Á luz dessa leitura da Sagrada Escritura se procura entender o lugar e o papel de Maria.
Não se trata somente da pessoa individual Miriam de Nazaré, senão da mulher que é
imagem do povo fiel, particular morada de Deus. A afirmação de que Deus se fez carne em
Jesus deve ser completada com outra com o mesmo valor teológico: Deus nasce de uma
mulher. O Novo Testamento quer mostrar que com Maria e com Jesus começa um novo
tempo para a história da humanidade. Há uma espécie de salto de qualidade em sua prática
e consciência religiosa. É a consciência da presença de Deus na carne humana. Deus
habita a terra humana e é descoberto e amado na carne humana.
Maria, ainda que nascida em um contexto patriarcal, onde a mulher é coisa, propriedade do
homem a todos os níveis, é uma figura que vive entre os dois Testamentos. Participa e
saboreia da nova experiência libertadora do movimento de seu Filho, que inaugura um
discipulado igual para homens e mulheres. É portadora, justamente com as outras
mulheres da primeira hora da Igreja, de uma nova esperança e um novo modo de ser
mulher. Representante legítima do povo de Israel, figura-símbolo da Sião fiel, Maria é
também e não menos - portadora do novo Israel, do novo povo, da nova aliança que Deus
faz com a humanidade, onde a mulher já não aparece passiva e submissa ao homem, não
mais como ser inferior, mas como sujeito ativo e responsável, companheira do homem,
assumindo com ele, ombro com ombro, muitas das tarefas inerentes ao anúncio da Boa
Nova.
O Novo Testamento, nos poucos textos que recolhe sobre Maria, ilustra estas perspectivas.

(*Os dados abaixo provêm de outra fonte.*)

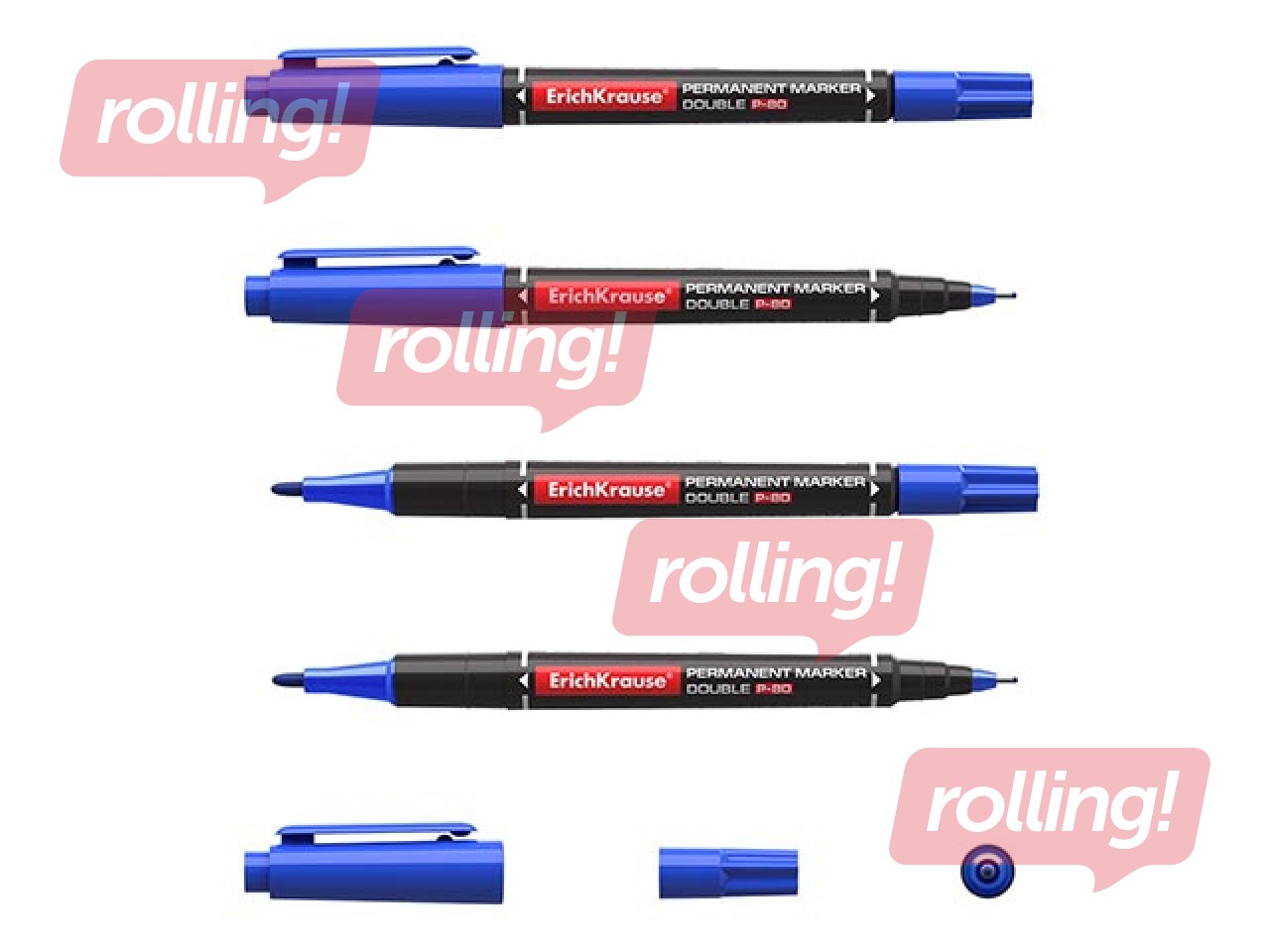 Permanents marķieris ErichKrause P-80, divpusējs, zils, 0.45/1.65mm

Paulo: Em Gl 4, 1-7, Paulo diz que “na plenitude dos tempos, Deus enviou seu Filho,
nascido de mulher”. A teologia deste versículo paulino oferece, na figura da mulher que dá
à luz o Filho de Deus na plenitude dos tempos, a convergência entre escatologia e história,
antropologia e teologia. A partir daí, não há mais lugar para androcentrismo ou dualismo
de qualquer espécie, senão que todo reducionismo antropológico ou teológico cede seu
lugar à confissão de fé de que o Verbo se fez carne na carne humana, carne de homem e
mulher, na realidade e nos limites da história. Diz também que o reino chegou, a plenitude
do tempo está aí , sob nossos olhos, a nova criação já é realidade porque Deus enviou seu
Filho nascido de mulher. A luz de este mistério, o reino acontece na comunidade de
homens e mulheres que, com suas lutas e sofrimentos, dores e alegrias, fazem explodir em
todo momento a novidade incansável e bela do amor.

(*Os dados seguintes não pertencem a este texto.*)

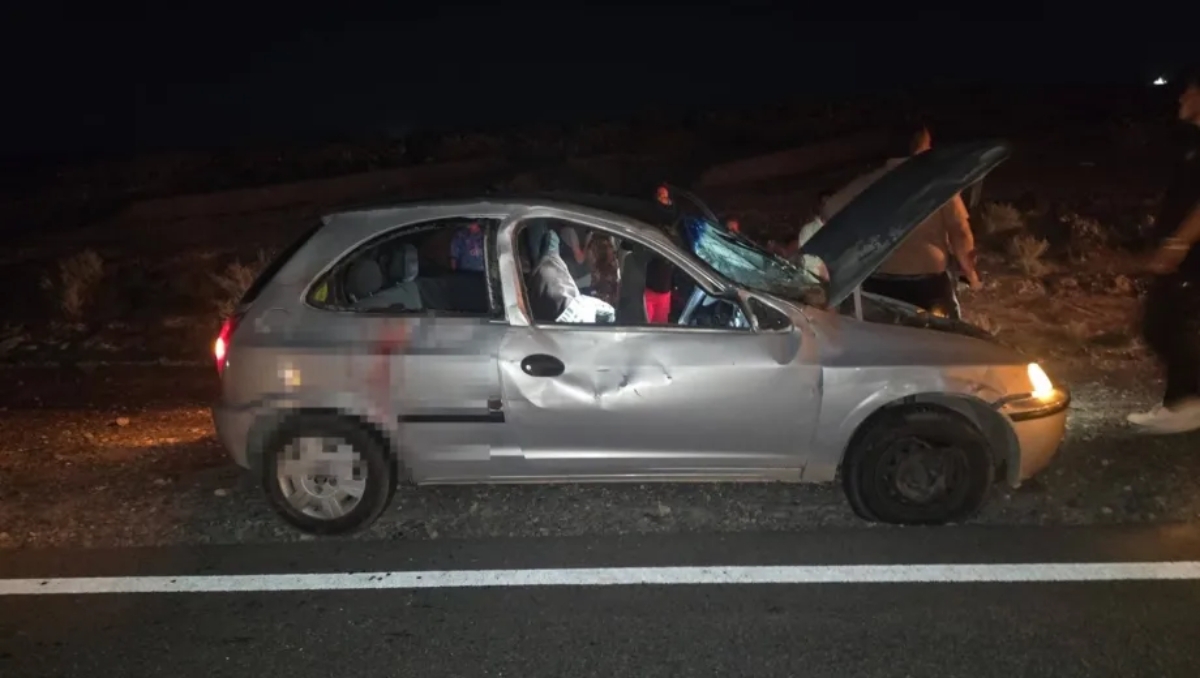 Un auto chocó contra un caballo en la Ruta Provincial 7. Fuente_ (Facebook) (1)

Mateus: Este evangelho lê os novos acontecimentos desencadeados pelo fato-Jesus
como cumprimento das promessas de Yahvé al povo eleito. Sobre a mulher Maria de
Nazaré, símbolo do Israel fiel, vem o Espírito de Deus, como no texto da criação (Gen 1,
2). Por isso, Maria deu à luz “sem que José a conhecesse”. José é a síntese do povo
antigo, da tradição judaica primitiva que reconhece o Messias apesar das dúvidas e
dificuldades. A mulher aqui é o símbolo do povo fiel do qual nasce o Messias e José do
povo antigo que é chamado a novas núpcias para começar o amor outra vez. A Maria de
Mateus é o símbolo da esperança virgem: mulher intocada e ao mesmo tempo prenhe de
vida, rosto do povo cheio de luz, rosto de Deus que renasce sempre dos escombros da
destruição do pecado e de a morte.
Marcos: A maternidade de Maria é uma referência histórica, um fato capaz de
identificar no tempo e no espaço ao carpinteiro fazedor de milagres, conhecedor da lei e
dos profetas e defensor dos pobres, acolhido por uns e rejeitado por outros. Maria, a mãe
de Jesus, participa desse ambiente que abre e fecha espaços, que acolhe e rejeita Jesus.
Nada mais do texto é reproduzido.